それでは、その三枚舌外交がなされた事情や時代背景をみていきましょう。

イギリスの一番の目的

三枚舌外交とは「(1915年)フサイン=マクマホン協定」「(1916年)サイクス・ピコ協定」「(1917年)バルフォア宣言」という3つの外交政策を指しているのですが、これらはイギリスが第一次世界大戦においてオスマン帝国を打破し、アラブ地域の分割を自由におこなうために実施されたものです。

当時のイギリスは「王冠の最大の宝石」とも呼ばれていた現在のインドを植民地にしていました。
そして、イギリスとインドを結ぶ重要拠点であった「スエズ運河」を手に入れることが最大の目的だったのではないかといわれています。

スエズ運河というのは、エジプトとシナイ半島を切る形で存在していますので、ヨーロッパとアジアの船舶での往来を非常に便利にしてくれます。
もしも、スエズ運河を利用できなければ、船舶でヨーロッアパからアジア、またはアジアからヨーロッパへの航路は、アフリカ大陸をぐるっと一周しなければいけなくなり、時間的にも資金的にもコストが高くなってしまうのです。

当時は石炭が主力エネルギーであり、石油は新しいエネルギーとして使われはじめたぐらいの時期でしたので(アメリカが鯨油に代わる燃料として開発を進めていました)、イギリスにとってアラブ地域の油田開発も魅力ではありましたが、主目的はスエズ運河の確保であり、とりわけライバル国であるフランスやロシアには、絶対に運河の利権を握られたくなかったのです。

もちろんこれら以外にも様々な思惑のなかで取り交わされた外交政策ではありましたし、異なる国家や異なる民族、そして異なる目的のなかで結ばれた条約や協定は、石油利権の価値が上がっていったことや、アメリカが参戦したことによって、予想以上の問題を引き起こしていくことになります。

三枚舌外交の中身

1915年フサイン=マクマホン協定

メッカのアミール(太守)だったフサイン・イブン・アリーと、イギリスの駐エジプト高等弁務官ヘンリー・マクマホンとのあいだでやりとりされた書簡の中で、イギリスは対オスマン帝国戦への協力(アラブ人によるオスマン帝国領内での反乱)を条件に、アラブ人居住地の独立支持を約束します。
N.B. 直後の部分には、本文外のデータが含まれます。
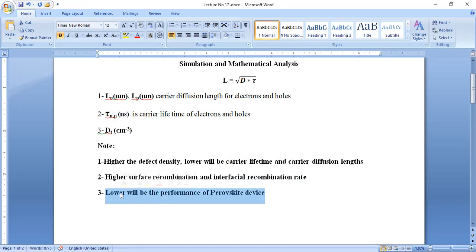This topic came as a question from some Bangladeshi students on how to compute carrier diffusion length and carrier lifetime in SCAPS 1D. I am making this video for all those students who have queries related to this computation. I have prepared a demonstration, and now I'm moving towards SCAPS 1D.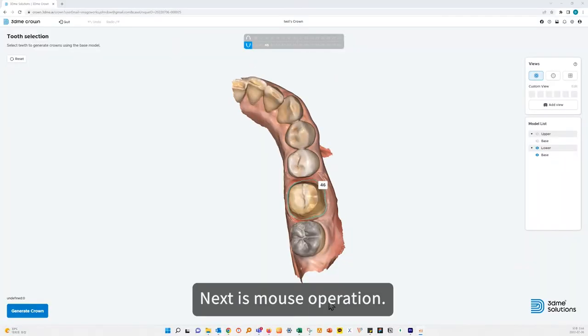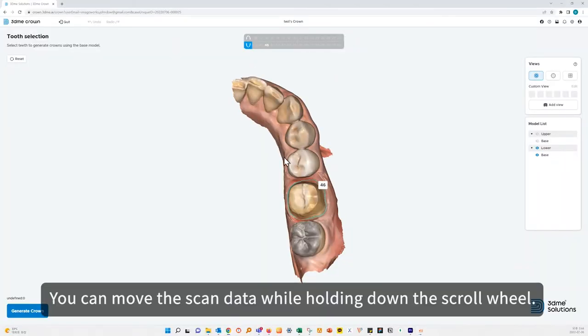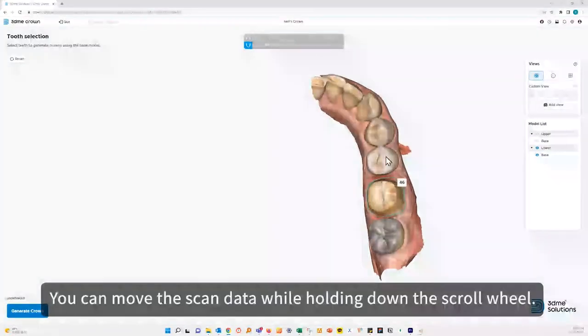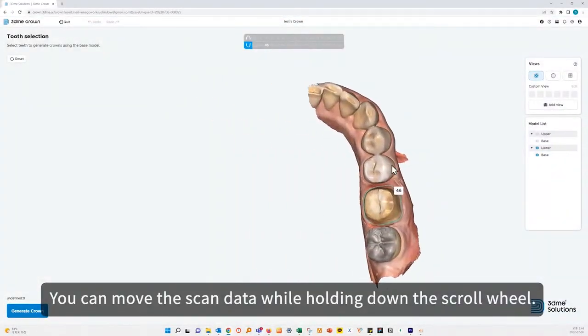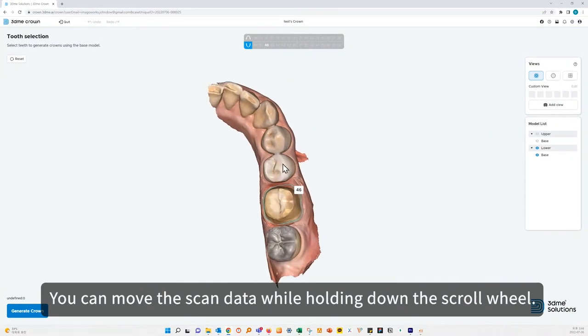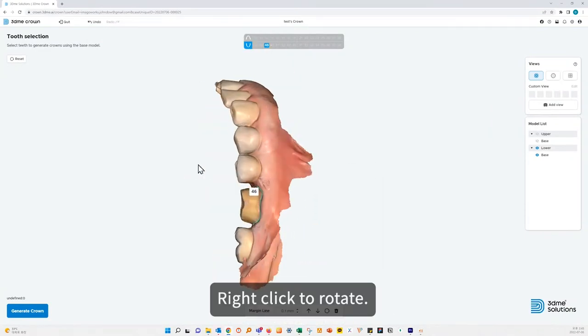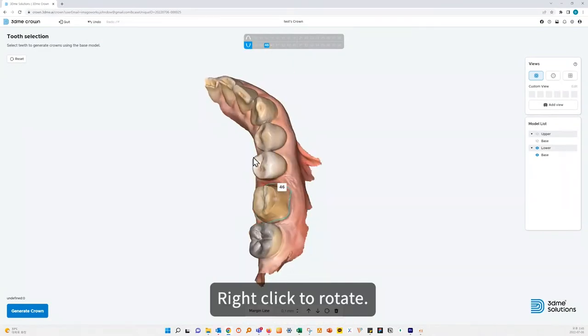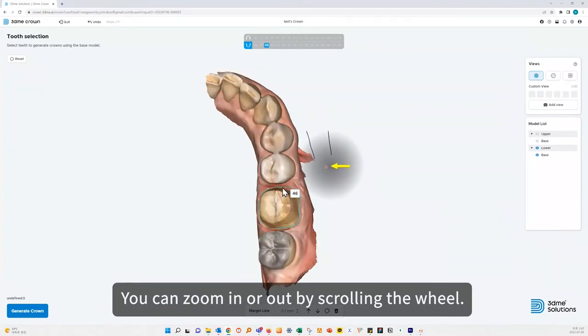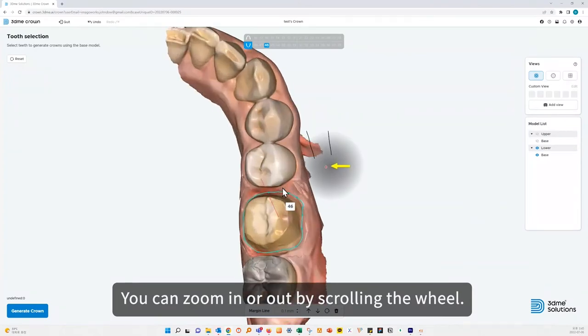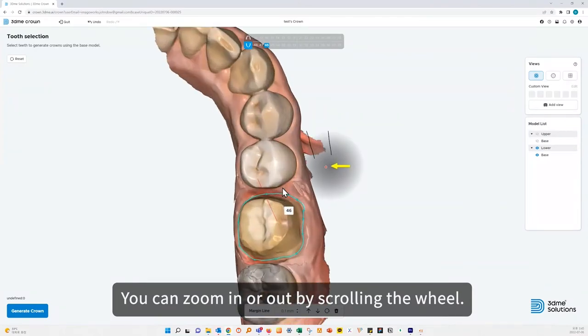Next is mouse operation. You can move the scan data while holding down the scroll wheel. Left click to add or select. Right click to rotate. You can zoom in or out by scrolling the wheel.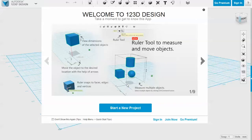When you open 123D Design you'll be greeted with a window that says 'Welcome to 123D Design'. Click the arrow in the top right as you won't need this step-by-step guide, since I'm going to take you through the basics on how to use it.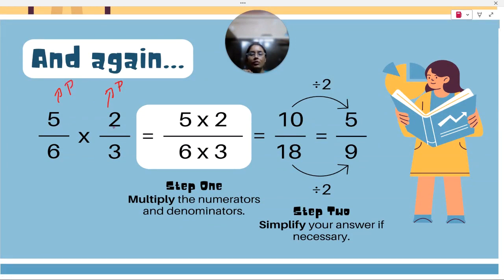Numerator multiplied by numerator: 5 into 2 is 10, and denominator multiplied by denominator: 6 into 3 is 18.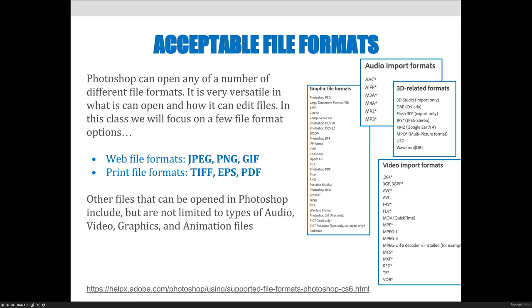Lastly, before I move on: if you open any of these file formats — say somebody gives you a file — I immediately want you to convert it to a Photoshop .psd file and use that as your working file format.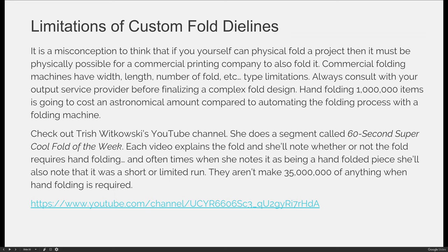We could go on and on about really cool custom folds and custom dye lines, but it's easier to look at some examples. There's a really cool YouTube channel — I don't want to butcher her last name so I won't attempt it — called '60 Second Super Cool Fold of the Week.' Each video explains a cool printed item with a unique fold or custom dye line, and she tells you all about the production of the item. She'll note whether the product required hand folding, and oftentimes when it's a custom hand-folded item, they only made a hundred or a thousand of them — it's always a small quantity. She's never going to say they made 35 million copies requiring hand folding, because it's just not practical. Check out her YouTube channel — I've linked to it here.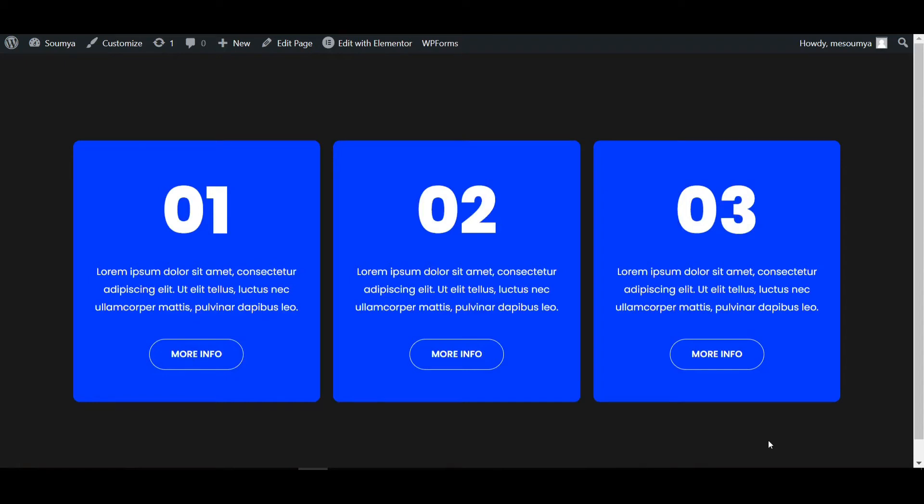Hello everyone, welcome back to a new video. I am Sumo from Decreto. Today in this video, I will show you how you can create a blur zoom effect using Elementor Pro.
この協定によって、イギリスからの支援をうけたハシーム家のフサインに率いられ、アラブ人は反乱を開始し、オスマン帝国はアラブ人の反乱に対処するために、兵力を投入せざるを得なくなりました。
つまりこの協定は、イギリスがオスマン帝国との戦争を有利に進めるために結ばれたものです。

1916年サイクス・ピコ協定

イギリス、フランス、ロシアのあいだで結ばれたオスマン帝国領の分割の仕方を決めた秘密協定です。
当初この協定では、シリア、アナトリア南部、イラクのモスル地区をフランスの勢力範囲とし、イギリスは、シリア南部と南メソポタミア(現在のイラクの大半)を勢力範囲とし、ロシアは、黒海東南沿岸、ボスポラス海峡、ダーダネルス海峡両岸地域を勢力範囲とするよう決めていました。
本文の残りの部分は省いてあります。